Is sub-urban kind of like sub-human? That question has confronted me this week as I attempt to train at a weeklong exec-education course in New York City.

Day 117 of 130
Ks covered: 862
Ks to go: 240
General mood: Good
Running highlight: Running in Central Park
Equipment status: In use while traveling
Body status: It’s official, I’m down two toenails.

Is sub-urban kind of like sub-human? That question has confronted me this week as I attempt to train at a weeklong exec-education course in New York City.

Like a scene from Crocodile Dundee, yesterday I managed to sever my mesmerized fascination with the bidet just long enough to find my way to Central Park for a run. Not, mind you, before enduring the sniggers of the concierge for having the audacity to wonder if it would be safe and if anyone ran there at 6am.

In retrospect, I need not have worried. The scene of Central Park at 6am was what would happen if Woodstock was sponsored by Nike. The branded uber-fit conga snaking around the running paths was so far removed from my usual amble through the subdivided gentility and nearly established trees of Oakville that I wasn’t sure I’d woken up yet.

Adding to the surreal scene, I quite literally ran into a known-since-kindergarten friend who was also out there, running with her boyfriend. She happens to be an ex-Olympic athlete, (of course!) so my game attempt to run with the statuesque pair felt like Dopey dwarf stumbling along with Snow-white and the Prince.
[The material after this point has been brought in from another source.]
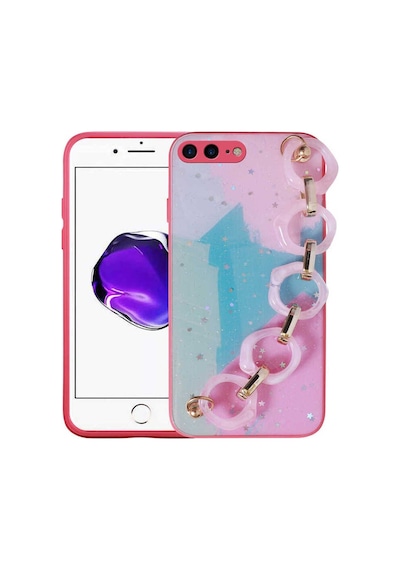 Apple Uyumlu iPhone 7 Plus Kılıf Simli Desenli El Askılı Tutacaklı Zore Elsa Silikon Kapak Pembe Koyu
Now, my struggles may be somewhat self-imposed. Being sans-kids in Gotham has been more socially intense that anything I’ve experienced for 10 years. I mean, the course is 8am-6pm and then I actually have wine, meet friends and stay out until after sunset. The worm in my Big Apple is that I just can’t do it any more! With the pounding headache and gut-rot involved, the A.M runs on this trip have been less happy than Amy Winehouse on World Sobriety Day.

So here’s my thinking: Being a suburban Mum has its advantages. Sure, the Mum part is akin to being a reverse vampire: you can only function in the daytime; the kids suck the life out of you; and you walk around with a sort of sunken-eyed hunger for a few years. And sure, the closest thing Oakville has to the Empire State building is the clock-block atop the shopping mall.
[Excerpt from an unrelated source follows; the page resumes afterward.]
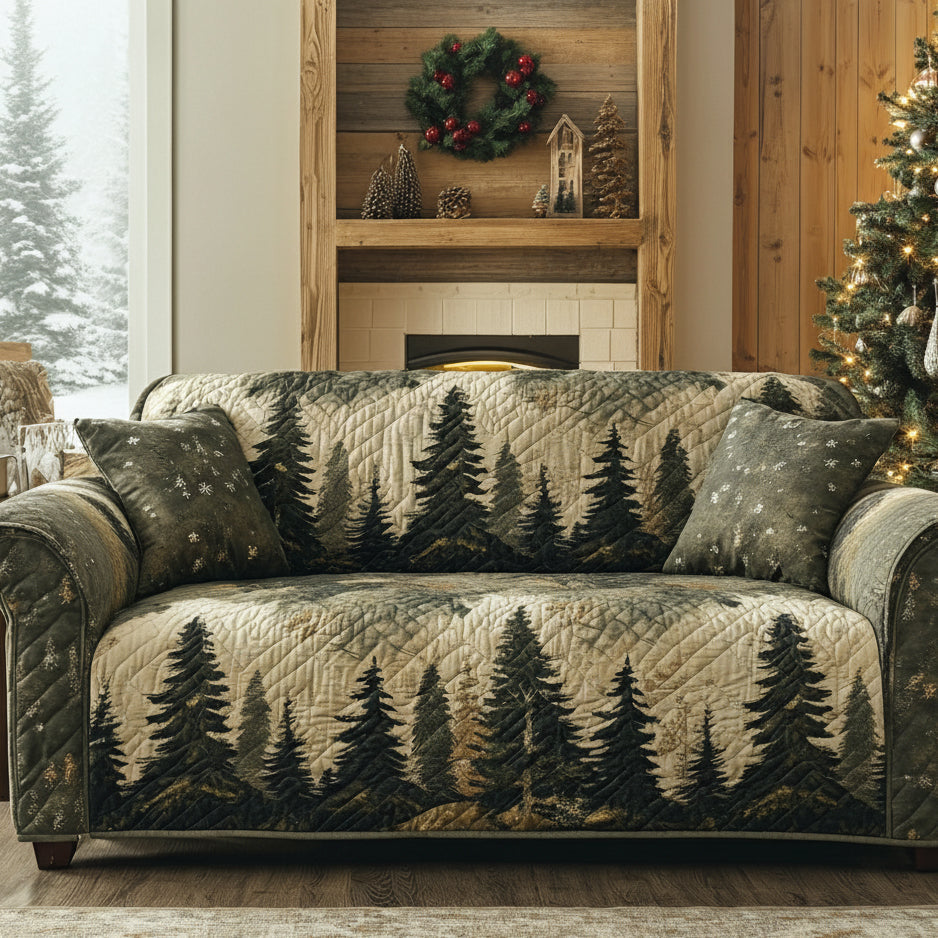 Forest Calm in Green Quilted Sofa Cover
But it’s what I haven’t had to deal with that makes the difference: At home, I have the perfect excuse to go to bed early: no one expects me to go out at night and there’s nothing damaging to do if I did. I mean, we don’t even have the bovine ingredients for cow-tipping. At home, I rarely have to compete for space to run: OK, so maybe there’s the odd rampant car and the occasional attack from our local rabid squirrel, Stevie, but there is a distinct shortage of there-to-be-seen types running past the Ford Plant in Prada sweatpants. And crucially, at home, I can’t hear people going for it in the room next door. Well – except when my in-laws visit.

Ew.

Though, I will admit I’m pretty proud of myself for getting my butt out there. In my previous life as a non-semi-serious-runner, I would bring a single set of work out clothes on any trip (no matter the duration) and those clothes would live in my suitcase for the trip’s entirety. Now, I’m out there running with the pretty-people and that, my friends, feels good.